Enquanto músico, já o sabemos, Alex Turner tem mais para dizer do que tempo de canções para o conseguir. A maior virtude que lhe descobrimos ferve precisamente aí: consegue mesmo esse equilíbrio de virtudes, já que o Alex cantor raramente diminui o raio de acção do compositor – aplica-se a lógica contrária. Melodia e letra fluem par a par. A corda da métrica nunca rompe. É, por isso, simultaneamente um observador nato, um compositor dotado de um talento transbordante - imagina-se uma biblioteca engraçada lá em casa -, e um vocalista convincente. Tudo isto, e pelo peso de que o jovem de 24 anos goza na banda, confere a esta um estado de graça que não garante espectáculos de público ganho ao primeiro acorde, mas ajuda. Ontem foi assim: ou porque a base de fãs dos Monkeys conhece efectivamente o trabalho destes - nem sempre isso acontece, não é Sigmund? -, ou porque, no limite, a malta fez o trabalho de casa. Tudo isto na certeza de que as explosões diabólicas de som dos ingleses, um rock de energia punk com reflexões profundas sobre trivialidades, nem sempre foram distribuídas da melhor forma pelos cantos do Campo Pequeno. A acústica não é mesmo o forte daquela (agora só por vezes) praça de touros e de estupidez, olé.

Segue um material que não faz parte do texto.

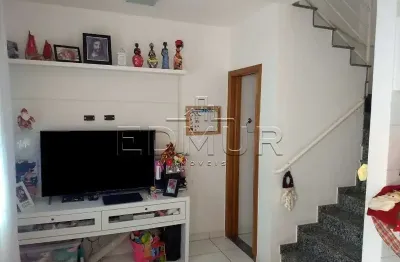 Casa com 2 quartos à venda na vila américa, santo andré  por r$ 500.000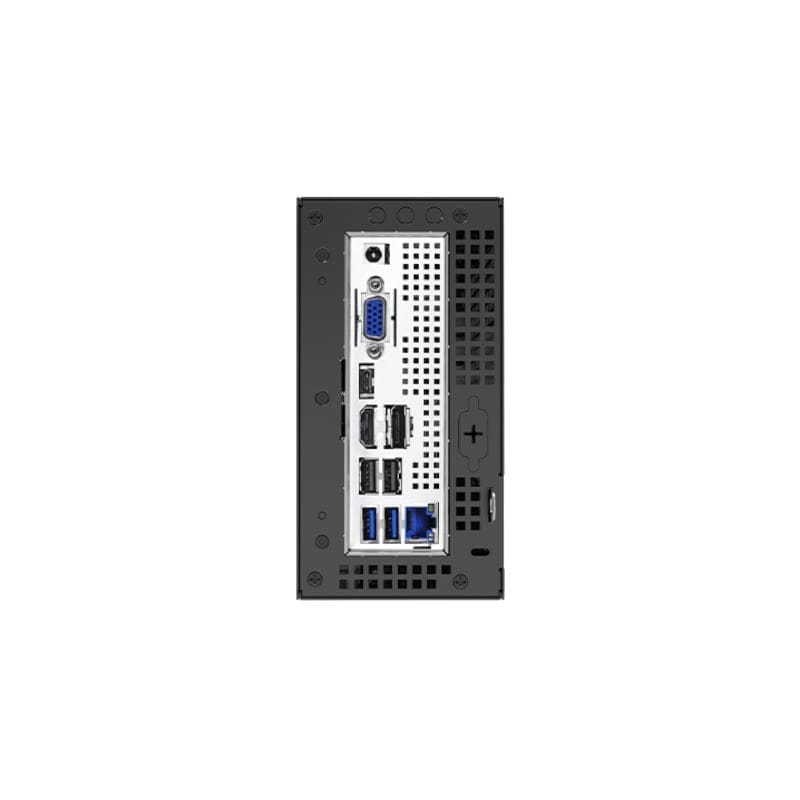 ASRock DeskMini B760W Barebone PC - LGA1700 Socket 90BXG4E01-A20KA0W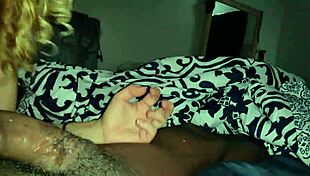 Sloppy blowjob by amateur?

Ao final da segunda música do alinhamento, 'Brianstorm', já Alex Turner acenava à multidão de expressão e gestos vagarosos, como uma diva de passagem pela província que é escoltada por batedores da polícia. Ou então de quem andava ali a reboque de outras substâncias mais, digamos, exóticas. “Thank you, you are too kind”. Aquele humor britânico. De lata de cerveja na mão, três discos e quatro anos depois dos Arctic Monkeys rebentarem no Myspace, Alex Turner surge confortabílissimo em palco na sua versão ‘entertainer’ ‘goofy’, de rainha a pavonear-se para gáudio dos seus súbditos, loucos por lhe descobrir um piscar de olhos que seja, e lá por dentro, ele, Alex, a Rainha, com inteiro desdém por todos eles. Claro que ninguém o leva a sério – começando pelo próprio.

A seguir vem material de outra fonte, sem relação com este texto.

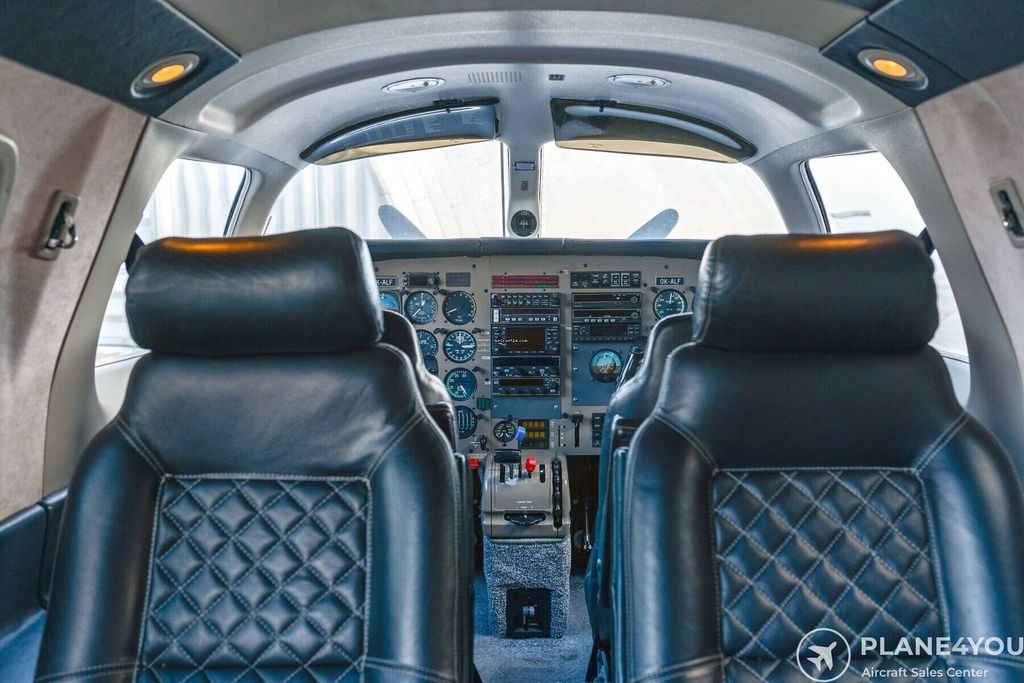 Piper PA-46, fotografía 13 de 20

Além do aspecto mais leve dos seus espectáculos ao vivo, os Arctic Monkeys também já se preocupam em apanhar a malta desprevenida com explosões de confettis. Houston, we have a band. O resto, ao contrário do que diz o outro, não são peanuts: é música, muita e boa. Na terceira passagem dos Monkeys por Lisboa, um dia depois de actuarem no Porto, o terceiro disco (Humbug, 2009) foi tantas vezes tocado como o segundo (Favourite Worst Nightmare, 2007)) e o esmagador primeiro (Whatever People Say I Am, That’s What I’m Not, 2006), e a notícia está na (óptima) receptividade que isso mereceu de um Campo Pequeno à pinha. Os rapazes estão a deixar esse frenezim adolescente que é o punk em detrimento de um rock com menos velocidades, mais denso, negro – Josh Homme na produção, por supuesto -, e a coisa resulta, ainda que ao vivo as diferenças se diluam. Resumindo: poucos actos falhados, muita canção entoada a cinco mil vozes – ‘I Bet You Look Good On The Dance Flor’ e ‘When the Sun Goes Down’ à cabeça, mas também os singles de Humbug ‘Crying Lightning’ e essa delícia pachorrenta chamada ‘Cornerstone’ -, enfim, tempo ganho, sem deslumbramento mas ganho.

p.s: menção honrosa ao talentoso baterista Matt Helders, a quem farei a vontade e passarei a tratar por ágil besta, nome que vinha impresso no bombo que espancou sem piedade durante hora e meia.